Now, back to the review. When you are lining up a shot you get a little bar that comes up around your character, this goes through red-orange-green-orange-red, and the best timing is obviously green. Go to orange or red and the ball will miss that little marker by a random distance. There is a slice of luck with this, but with good timing you can hit those lines with ease.
The confusion starts when you are actually just attempting to move around the court. With the ball in action it becomes a bit confusing when you are controlling your character and when you should start to wind up the shots. The marker continues to follow you around the court regardless if you have a button pressed to take a shot. Then you have the decision of when to start pressing your shot button, the longer you are able to press it and hold the button before you release the demon, the harder the shot and the greater the opportunity of getting a winning shot.
Its all a bit of a game of cat and mouse, but its enjoyable, once you get used to the whole system the rallies can be some great action. Being able to tactically beat an opponent by pushing them to the edge of the court with a well placed topspin shot and then hitting a naughty drop shot that your opponent doesn’t stand a chance of getting it where the game is at! Alternatively if you can time a return shot well enough and hit that winner straight from a server can be awesome.
Moving onto the game modes in AO International Tennis, you have the standard career mode, tournaments and then the Australian Open. Each of which turn into a win a game, move to the next round and onto the next tournament kind of thing. With the only addition is to the career mode where you take a no named tennis player all the way to the top, by winning rounds and getting money to spend on experience points to level up your player to become the best in the rankings.

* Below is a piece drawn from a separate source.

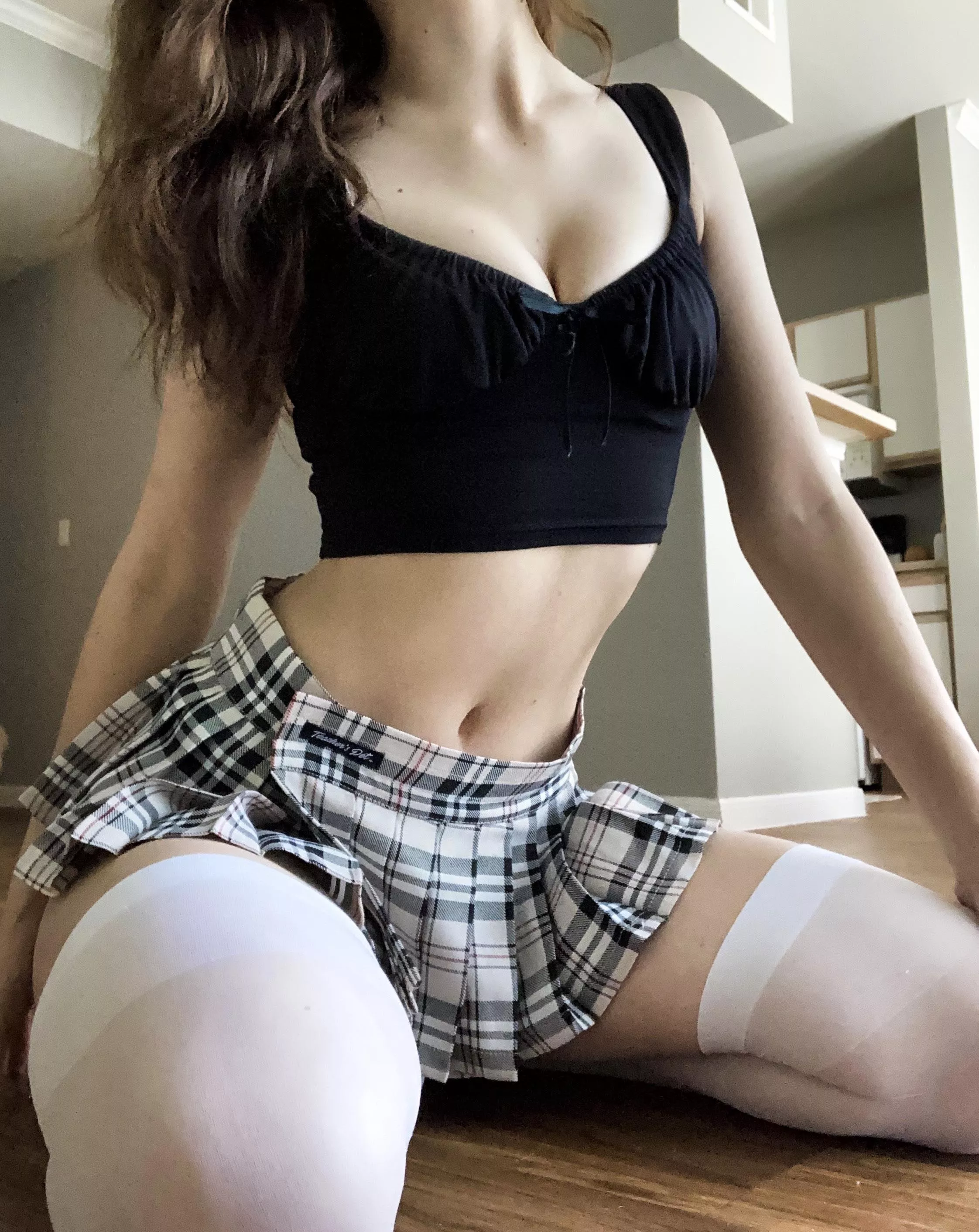 Would you skip class with me? 😏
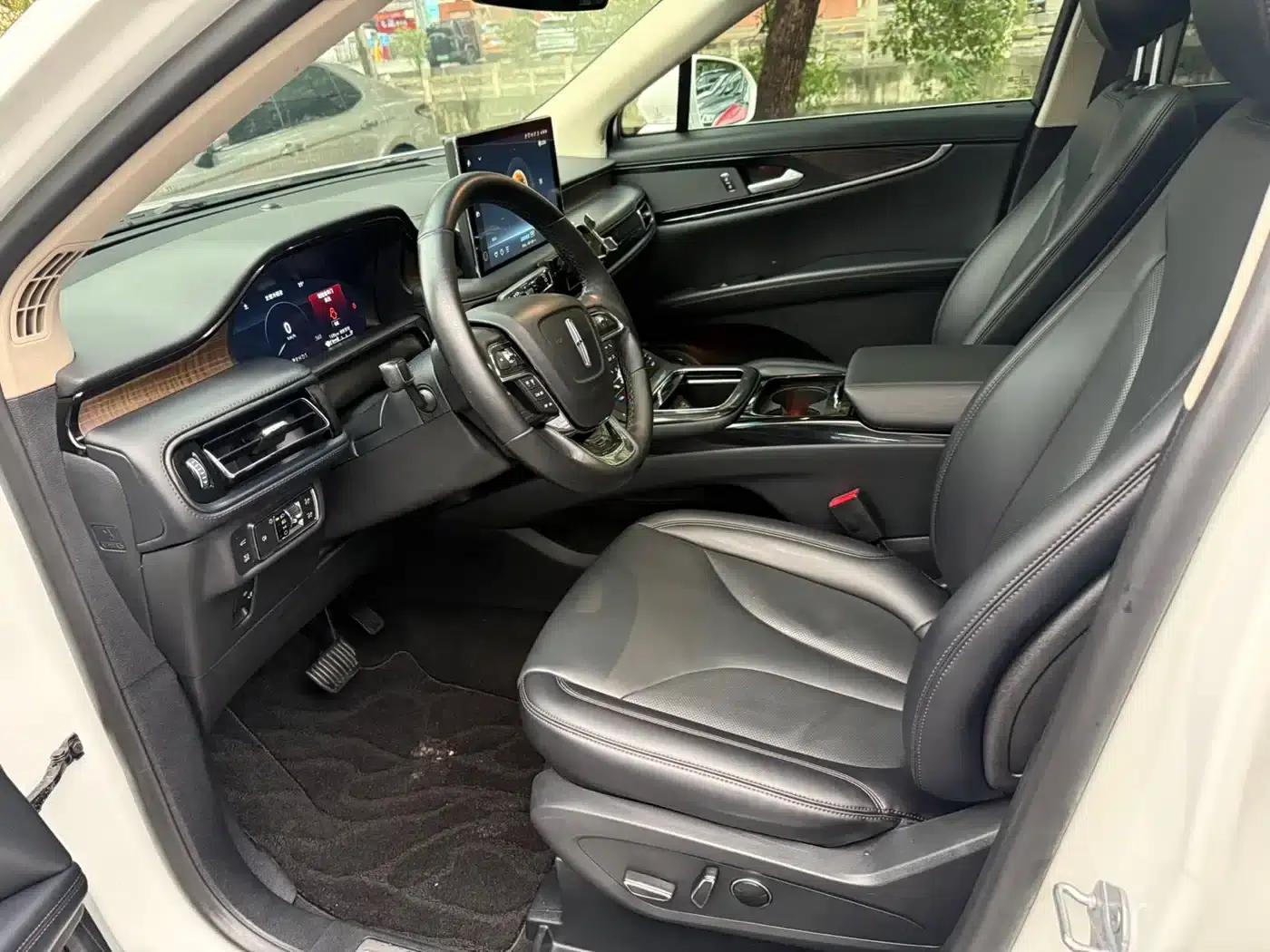 Navigator 2021 2.0T 2WD Premium Edition — миниатюра 7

Standard stuff really for a tennis game, it just unfortunately misses the depth that other tennis games of the past have had in their career modes.
Who can you play as you may ask? Well there are 20 licensed tennis players including Rafael Nadal, Kevin Anderson, John Isner, Johanna Konta, Angelique Kerber and more. Although with the option to scan your own face into the game, you can put yourself right there on the court.
It isn’t without its issues, and although minor they are slightly annoying. When selecting your outfit for the match, even when you pick your second outfit, it still resets back to the main kit option. Like I said, it is minor but very annoying, especially when you have your second kit set to some awesome striped number!
The graphics on AO International Tennis are very nice. Now they are not amazing, but with the 3D scanned models of the players, you get some incredibly realistic actions on court. The facial models are very accurate, but this is standard for Big Ant Studios.
Annoyingly there doesn’t seem to be a massive amount of animation in the crowd, and those ball boys and girls don’t even flinch when the ball hits the net.
AO International Tennis has just the right amount of audio for a tennis game, the squeak of your shoes on the hard court, and the ball bouncing off the racket is all there perfectly. It does get a little quiet on court though, especially with no commentary or music playing in the background.
Now this is the tricky one. If you get into the game it can be a great additional to your sports game library. However, I do feel that some people just wont get to grips with the game and it will end up being left towards the end of your game library. There is a decent amount of depth with the modes available, however a bit more depth in the career mode, than just win money and spend money on levelling up your character would have been ideal. Even though AO International Tennis doesn’t quite hit the winner, it does battle well on those long rallies. AO International Tennis receives a Thumb Culture Silver Award.
Disclaimer: A code was received in order to write this review.